Si l’activité productrice associée au travail est un invariant, les significations que l’on peut lui accorder sont extrêmement évolutives. Aujourd’hui, dans notre rapport au travail voisinent souvent, à notre insu, des représentations héritées de périodes, de moments, de sociétés différentes. En ce domaine il y a davantage recomposition permanente à partir d’un petit nombre d’éléments donnés (comme en cuisine), que processus.

Vous avez recours à de nombreux philosophes, depuis Platon, pour aborder le sujet. Sans nier la diversité de leur pensée, comment ont-ils observé les modifications du travail dans leur société et ont-ils contribué à y voir des formes de rupture ?

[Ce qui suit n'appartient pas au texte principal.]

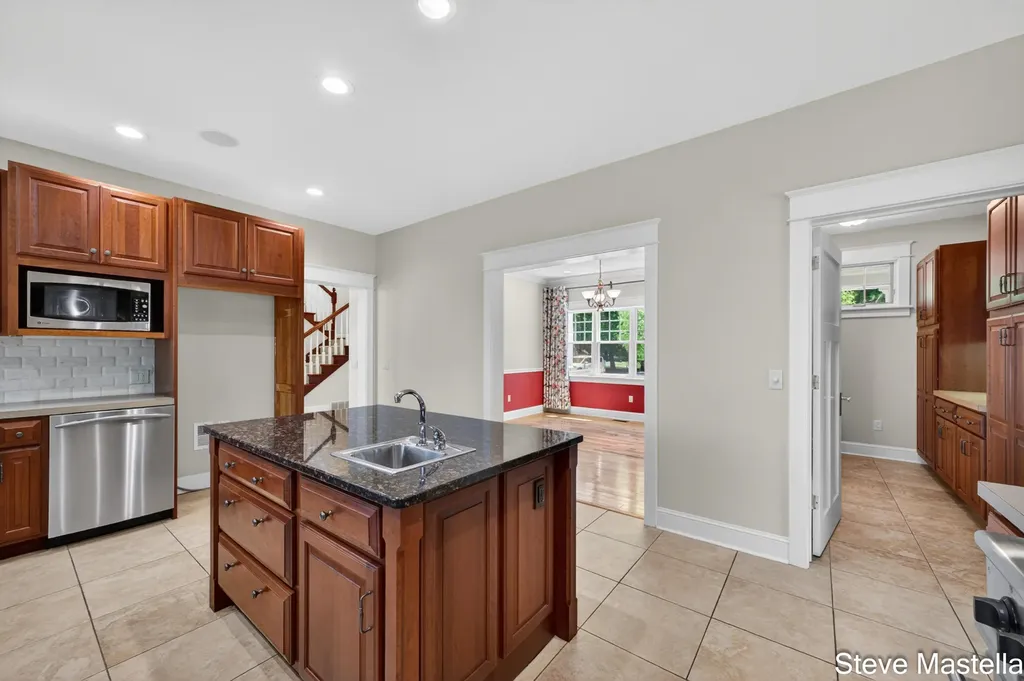 5592 S Shore Drive Fruitland Township MI 49461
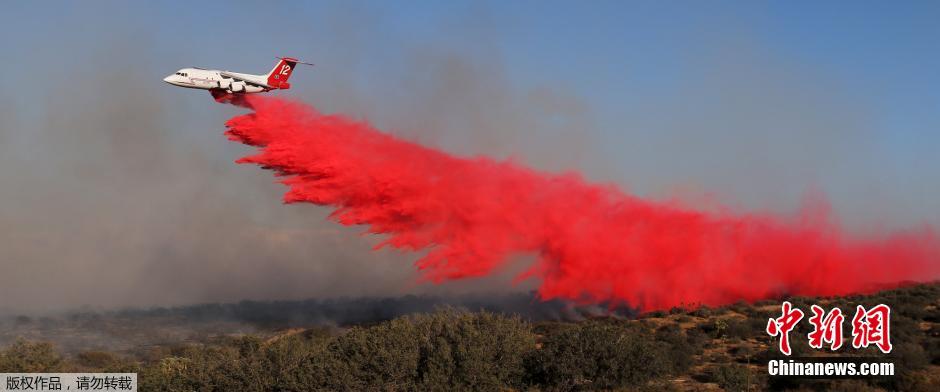 加州山火来势凶猛 灭火飞机喷洒大量阻燃剂(高清组图)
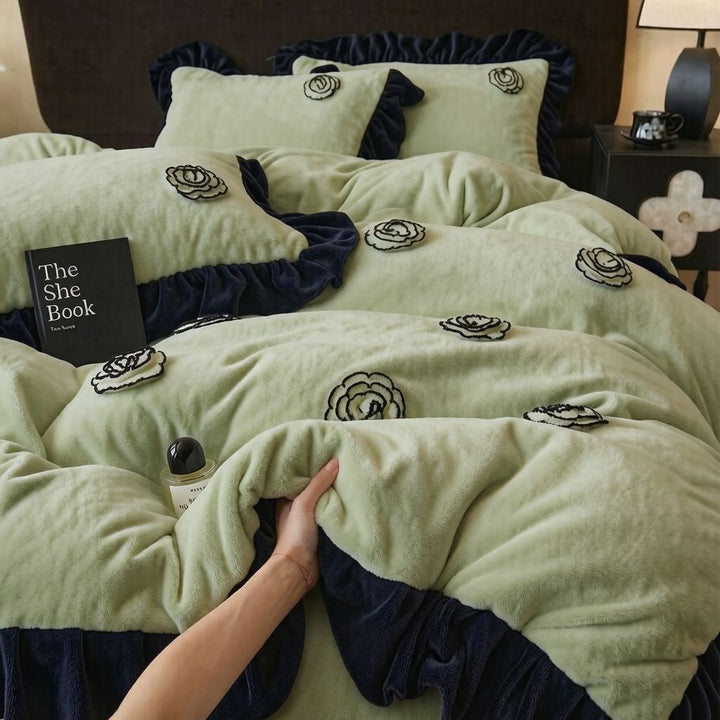 Elegant Floral Motif Plush Blanket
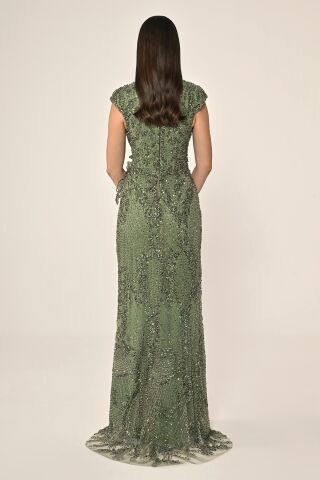 Dekolteli Beli Çiçek Aksesuarlı Payet Uzun Elbise Haki - 38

Comme je viens de l’indiquer, des éléments pouvant paraître communs peuvent se retrouver dans des schémas conceptuels très différents. Dans la Bible, le travail n’est pas seulement relation à Dieu (comme pour Hésiode dans Les travaux et les jours). Il est aussi service et échange, entre les hommes. Adam Smith, dans ses Recherches sur la nature et les causes de la richesse des nations, insiste sur la valeur d’échange associée au travail. N’est productif que celui qui ajoute une valeur à un produit, permettant ainsi de l’introduire dans un cycle d’échanges sans cesse élargi. Des éléments pouvant paraître comparables sont utilisés de manière différente.

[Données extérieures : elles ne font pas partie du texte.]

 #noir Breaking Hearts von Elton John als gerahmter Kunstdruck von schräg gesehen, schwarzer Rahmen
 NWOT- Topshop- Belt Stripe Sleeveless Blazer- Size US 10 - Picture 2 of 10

Autre exemple : Platon et Aristote théorisent un certain mépris du travail manuel, qui abîme les corps, fragilise l’esprit et s’avère un obstacle à l’élévation de l’homme vers la vertu. Mais cette démarche (tout comme l’opposition entre philosophes et sophistes) est fortement orientée par les conditions du moment. Ne pouvant exclure les artisans du corps civique, Aristote en vient à se demander s’il ne serait pas pertinent de penser différents types de citoyens. Pour le dire autrement, le discours relatif au déshonneur qui pèserait sur le travail, notamment manuel, n’existe ici en grande partie que parce que le monde du travail et de l’argent se renforce.

Chaque période, chaque société, et en leur sein les différents acteurs en présence, perçoivent à leur manière le rapport de l’homme au travail. Il n’y a donc pas de réponse univoque à votre question. Mais c’est ce qui fait la richesse de l’histoire et en rend passionnante sa compréhension.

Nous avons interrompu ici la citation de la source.